What you need to do
Find the line with "Gay Berlin: Birthplace" in the records below. Copy it and every line after it, up to and including the line with "Bourgogne Rouge La".

[[ Recorded data open ]]

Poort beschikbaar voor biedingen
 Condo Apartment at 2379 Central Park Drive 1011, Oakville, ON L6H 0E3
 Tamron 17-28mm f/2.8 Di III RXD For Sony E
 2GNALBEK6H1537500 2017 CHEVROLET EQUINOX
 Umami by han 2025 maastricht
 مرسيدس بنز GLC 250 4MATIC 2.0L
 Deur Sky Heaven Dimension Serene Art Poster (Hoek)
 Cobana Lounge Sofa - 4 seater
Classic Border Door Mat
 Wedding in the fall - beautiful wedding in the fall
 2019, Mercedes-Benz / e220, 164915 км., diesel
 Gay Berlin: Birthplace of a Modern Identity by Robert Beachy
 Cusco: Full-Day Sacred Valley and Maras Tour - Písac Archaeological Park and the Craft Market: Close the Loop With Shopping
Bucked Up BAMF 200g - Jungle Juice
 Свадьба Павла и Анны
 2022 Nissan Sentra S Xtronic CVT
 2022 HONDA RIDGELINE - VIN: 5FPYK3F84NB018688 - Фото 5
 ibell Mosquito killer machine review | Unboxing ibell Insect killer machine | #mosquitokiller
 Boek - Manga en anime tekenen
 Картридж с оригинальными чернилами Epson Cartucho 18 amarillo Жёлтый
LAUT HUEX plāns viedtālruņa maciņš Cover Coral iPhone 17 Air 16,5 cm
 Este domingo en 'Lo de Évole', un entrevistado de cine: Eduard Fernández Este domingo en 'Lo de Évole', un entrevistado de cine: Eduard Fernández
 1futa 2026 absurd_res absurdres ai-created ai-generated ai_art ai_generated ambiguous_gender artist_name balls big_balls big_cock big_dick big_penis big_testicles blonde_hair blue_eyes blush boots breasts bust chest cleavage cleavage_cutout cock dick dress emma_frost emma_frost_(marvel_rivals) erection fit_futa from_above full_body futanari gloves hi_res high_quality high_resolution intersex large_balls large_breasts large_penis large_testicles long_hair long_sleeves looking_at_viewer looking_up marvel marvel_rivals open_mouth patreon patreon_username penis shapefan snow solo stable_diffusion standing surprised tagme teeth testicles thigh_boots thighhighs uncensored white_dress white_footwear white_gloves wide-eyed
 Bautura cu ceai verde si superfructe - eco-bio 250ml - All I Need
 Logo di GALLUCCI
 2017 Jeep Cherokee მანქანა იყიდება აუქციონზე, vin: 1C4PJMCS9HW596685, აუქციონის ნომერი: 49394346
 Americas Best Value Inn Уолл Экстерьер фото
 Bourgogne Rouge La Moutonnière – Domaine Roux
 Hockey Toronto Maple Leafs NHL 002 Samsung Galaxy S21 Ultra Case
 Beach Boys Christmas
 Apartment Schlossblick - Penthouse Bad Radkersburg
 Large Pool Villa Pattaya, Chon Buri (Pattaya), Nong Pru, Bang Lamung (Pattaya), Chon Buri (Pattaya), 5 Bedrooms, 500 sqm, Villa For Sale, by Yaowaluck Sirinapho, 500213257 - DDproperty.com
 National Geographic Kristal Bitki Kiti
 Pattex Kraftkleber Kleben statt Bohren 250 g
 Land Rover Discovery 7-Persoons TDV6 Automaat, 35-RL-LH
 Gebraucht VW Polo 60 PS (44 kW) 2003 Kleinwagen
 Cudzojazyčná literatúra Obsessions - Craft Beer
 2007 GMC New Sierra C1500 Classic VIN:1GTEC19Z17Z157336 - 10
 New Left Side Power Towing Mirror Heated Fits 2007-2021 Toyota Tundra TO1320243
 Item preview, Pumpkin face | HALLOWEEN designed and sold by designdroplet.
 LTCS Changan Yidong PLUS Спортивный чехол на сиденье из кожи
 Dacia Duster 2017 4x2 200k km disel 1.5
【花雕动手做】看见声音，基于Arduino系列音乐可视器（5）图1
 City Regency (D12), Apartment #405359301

[[ Recorded data closed ]]

Answer
 Gay Berlin: Birthplace of a Modern Identity by Robert Beachy
 Cusco: Full-Day Sacred Valley and Maras Tour - Písac Archaeological Park and the Craft Market: Close the Loop With Shopping
Bucked Up BAMF 200g - Jungle Juice
 Свадьба Павла и Анны
 2022 Nissan Sentra S Xtronic CVT
 2022 HONDA RIDGELINE - VIN: 5FPYK3F84NB018688 - Фото 5
 ibell Mosquito killer machine review | Unboxing ibell Insect killer machine | #mosquitokiller
 Boek - Manga en anime tekenen
 Картридж с оригинальными чернилами Epson Cartucho 18 amarillo Жёлтый
LAUT HUEX plāns viedtālruņa maciņš Cover Coral iPhone 17 Air 16,5 cm
 Este domingo en 'Lo de Évole', un entrevistado de cine: Eduard Fernández Este domingo en 'Lo de Évole', un entrevistado de cine: Eduard Fernández
 1futa 2026 absurd_res absurdres ai-created ai-generated ai_art ai_generated ambiguous_gender artist_name balls big_balls big_cock big_dick big_penis big_testicles blonde_hair blue_eyes blush boots breasts bust chest cleavage cleavage_cutout cock dick dress emma_frost emma_frost_(marvel_rivals) erection fit_futa from_above full_body futanari gloves hi_res high_quality high_resolution intersex large_balls large_breasts large_penis large_testicles long_hair long_sleeves looking_at_viewer looking_up marvel marvel_rivals open_mouth patreon patreon_username penis shapefan snow solo stable_diffusion standing surprised tagme teeth testicles thigh_boots thighhighs uncensored white_dress white_footwear white_gloves wide-eyed
 Bautura cu ceai verde si superfructe - eco-bio 250ml - All I Need
 Logo di GALLUCCI
 2017 Jeep Cherokee მანქანა იყიდება აუქციონზე, vin: 1C4PJMCS9HW596685, აუქციონის ნომერი: 49394346
 Americas Best Value Inn Уолл Экстерьер фото
 Bourgogne Rouge La Moutonnière – Domaine Roux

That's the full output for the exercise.